Why Encrypting Identifiers Won’t Solve the Problem

The LoveMatch engineering intern whips up a quick example that shows how to encrypts the user IDs before sending them to the client. They believe this will prevent attackers from easily guessing or enumerating the identifiers. Here is the output of the demo:

User: Alice
Original: 6789, Encrypted: Zml4ZWRpdjEyMzQ1Njc4Ofrf1MJnLhCCLc6HROSYAwU=
Original: 8966, Encrypted: Zml4ZWRpdjEyMzQ1Njc4OXDr17ote4kkvc5E5nQipXQ=
Original: 1234, Encrypted: Zml4ZWRpdjEyMzQ1Njc4OQjPtWd9n2GJ6qBuu7bpe7Y=
----
User: Bob
Original: 6789, Encrypted: Zml4ZWRpdjEyMzQ1Njc4Ofrf1MJnLhCCLc6HROSYAwU=
Original: 8966, Encrypted: Zml4ZWRpdjEyMzQ1Njc4OXDr17ote4kkvc5E5nQipXQ=
Original: 1234, Encrypted: Zml4ZWRpdjEyMzQ1Njc4OQjPtWd9n2GJ6qBuu7bpe7Y=

The intern thinks this is great and solves the problem. However, upon closer inspection, several issues become apparent:

  1. The encrypted identifiers are not random; they are deterministic based on the input identifier. An attacker can may be able to build a lookup table of encrypted identifiers and their corresponding plaintext values.
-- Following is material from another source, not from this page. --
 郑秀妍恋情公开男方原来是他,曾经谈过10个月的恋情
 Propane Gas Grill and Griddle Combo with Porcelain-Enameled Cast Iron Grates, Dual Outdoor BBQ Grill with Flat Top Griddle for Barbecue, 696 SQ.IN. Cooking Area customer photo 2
  2. The first part of each encrypted value is the same, which in most cases indicates a fixed IV (Initialization Vector). Using a fixed IV makes the encryption scheme vulnerable to certain types of attacks.

  3. The encrypted identifiers can still be used to reveal who has a shared interest in a particular user. An attacker can intercept and analyze the encrypted identifiers to infer relationships between users, even if they cannot directly decrypt the identifiers.

A project I worked years ago was a perfect demonstration about why encrypted identifiers could be insecure. A wireless lighting control system used encryption to hide the command identifiers sent to control the lights. They thought that if no one could understand the meaning of the commands then the system would be secure. By carefully observing the encrypted commands, an adversary could build a dictionary of encrypted commands and replay them to control the lights. The adversary didn’t need to decrypt the commands, they just needed to replay them. Rumor was this lighting system had been used in a building that experienced mysterious outages. Maybe I wasn’t the first to figure out this weakness.

Now, let’s take a look at the code that generated this problematic output:

import base64
from Crypto.Cipher import AES

SECRET_KEY = b'secretkey1234567' # bad
FIXED_IV = b'fixediv123456789' # even worse

def encrypt_identifier(identifier):
    key = SECRET_KEY
    iv = FIXED_IV
    cipher = AES.new(key, AES.MODE_CBC, iv)
    padded_identifier = identifier + ' ' * (16 - len(identifier) % 16)
    encrypted_identifier = cipher.encrypt(padded_identifier.encode())
    return base64.b64encode(iv + encrypted_identifier).decode()

def decrypt_identifier(encrypted_identifier):
    key = SECRET_KEY
    encrypted_data = base64.b64decode(encrypted_identifier)
    iv = encrypted_data[:16]
    cipher = AES.new(key, AES.MODE_CBC, iv)
    padded_identifier = cipher.decrypt(encrypted_data[16:])
    return padded_identifier.decode().rstrip()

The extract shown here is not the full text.